## REQUIRED WORK
Repeat the lines below exactly as written, please, from the line with "Bảo dưỡng xe" to the line with "S&C Natural Crema", both lines included, and no others.

<<<<

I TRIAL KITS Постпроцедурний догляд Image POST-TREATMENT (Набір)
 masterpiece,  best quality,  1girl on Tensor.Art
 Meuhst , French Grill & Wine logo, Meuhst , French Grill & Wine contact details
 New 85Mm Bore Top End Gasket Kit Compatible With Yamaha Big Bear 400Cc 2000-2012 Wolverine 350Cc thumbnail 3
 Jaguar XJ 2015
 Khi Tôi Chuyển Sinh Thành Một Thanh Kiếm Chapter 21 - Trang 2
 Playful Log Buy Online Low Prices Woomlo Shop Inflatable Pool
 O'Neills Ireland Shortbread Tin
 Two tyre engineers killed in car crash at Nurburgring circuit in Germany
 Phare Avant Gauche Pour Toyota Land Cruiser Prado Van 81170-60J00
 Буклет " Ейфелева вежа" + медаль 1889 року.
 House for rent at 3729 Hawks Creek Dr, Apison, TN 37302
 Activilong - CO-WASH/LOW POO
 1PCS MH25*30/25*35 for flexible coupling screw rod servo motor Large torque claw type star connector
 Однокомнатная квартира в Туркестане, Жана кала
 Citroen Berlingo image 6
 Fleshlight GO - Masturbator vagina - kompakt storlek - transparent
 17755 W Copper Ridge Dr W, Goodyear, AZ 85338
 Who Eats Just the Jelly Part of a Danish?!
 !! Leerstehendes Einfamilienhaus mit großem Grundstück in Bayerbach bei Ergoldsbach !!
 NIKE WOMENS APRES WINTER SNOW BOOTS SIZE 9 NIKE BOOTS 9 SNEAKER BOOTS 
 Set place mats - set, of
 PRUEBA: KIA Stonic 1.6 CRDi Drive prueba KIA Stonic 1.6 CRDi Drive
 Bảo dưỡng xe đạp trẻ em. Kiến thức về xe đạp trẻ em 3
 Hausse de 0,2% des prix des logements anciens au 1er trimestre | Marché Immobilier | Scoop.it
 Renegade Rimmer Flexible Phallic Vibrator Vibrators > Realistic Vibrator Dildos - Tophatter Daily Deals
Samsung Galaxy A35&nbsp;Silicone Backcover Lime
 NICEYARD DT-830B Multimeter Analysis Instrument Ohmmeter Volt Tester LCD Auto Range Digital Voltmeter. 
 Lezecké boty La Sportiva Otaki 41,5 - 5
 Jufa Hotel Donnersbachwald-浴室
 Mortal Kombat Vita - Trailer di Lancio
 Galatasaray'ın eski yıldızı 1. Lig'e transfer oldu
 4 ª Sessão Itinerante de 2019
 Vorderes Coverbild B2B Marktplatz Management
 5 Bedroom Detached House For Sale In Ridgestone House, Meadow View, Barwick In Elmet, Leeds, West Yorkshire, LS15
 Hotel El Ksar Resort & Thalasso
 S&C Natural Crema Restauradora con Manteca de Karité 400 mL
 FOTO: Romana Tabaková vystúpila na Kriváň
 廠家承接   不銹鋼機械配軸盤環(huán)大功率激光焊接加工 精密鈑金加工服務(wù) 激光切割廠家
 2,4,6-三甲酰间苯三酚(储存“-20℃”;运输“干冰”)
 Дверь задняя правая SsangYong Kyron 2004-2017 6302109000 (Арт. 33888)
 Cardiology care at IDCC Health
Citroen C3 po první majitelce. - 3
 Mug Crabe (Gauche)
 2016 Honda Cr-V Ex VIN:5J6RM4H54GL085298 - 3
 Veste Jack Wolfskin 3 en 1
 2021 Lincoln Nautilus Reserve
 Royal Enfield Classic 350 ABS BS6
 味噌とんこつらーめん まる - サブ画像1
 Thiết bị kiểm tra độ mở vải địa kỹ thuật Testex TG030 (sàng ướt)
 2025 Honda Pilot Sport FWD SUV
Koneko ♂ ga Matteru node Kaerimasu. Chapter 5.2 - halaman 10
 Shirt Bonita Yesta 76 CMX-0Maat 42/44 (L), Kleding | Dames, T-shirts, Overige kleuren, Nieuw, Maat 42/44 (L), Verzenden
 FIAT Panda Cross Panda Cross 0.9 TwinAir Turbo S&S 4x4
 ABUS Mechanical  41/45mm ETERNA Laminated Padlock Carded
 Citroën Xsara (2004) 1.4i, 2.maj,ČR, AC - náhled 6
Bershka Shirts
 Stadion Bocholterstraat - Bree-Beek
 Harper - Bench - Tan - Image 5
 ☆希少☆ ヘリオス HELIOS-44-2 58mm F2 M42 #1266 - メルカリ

>>>>

## RESPONSE TO THE EXERCISE
 Bảo dưỡng xe đạp trẻ em. Kiến thức về xe đạp trẻ em 3
 Hausse de 0,2% des prix des logements anciens au 1er trimestre | Marché Immobilier | Scoop.it
 Renegade Rimmer Flexible Phallic Vibrator Vibrators > Realistic Vibrator Dildos - Tophatter Daily Deals
Samsung Galaxy A35&nbsp;Silicone Backcover Lime
 NICEYARD DT-830B Multimeter Analysis Instrument Ohmmeter Volt Tester LCD Auto Range Digital Voltmeter. 
 Lezecké boty La Sportiva Otaki 41,5 - 5
 Jufa Hotel Donnersbachwald-浴室
 Mortal Kombat Vita - Trailer di Lancio
 Galatasaray'ın eski yıldızı 1. Lig'e transfer oldu
 4 ª Sessão Itinerante de 2019
 Vorderes Coverbild B2B Marktplatz Management
 5 Bedroom Detached House For Sale In Ridgestone House, Meadow View, Barwick In Elmet, Leeds, West Yorkshire, LS15
 Hotel El Ksar Resort & Thalasso
 S&C Natural Crema Restauradora con Manteca de Karité 400 mL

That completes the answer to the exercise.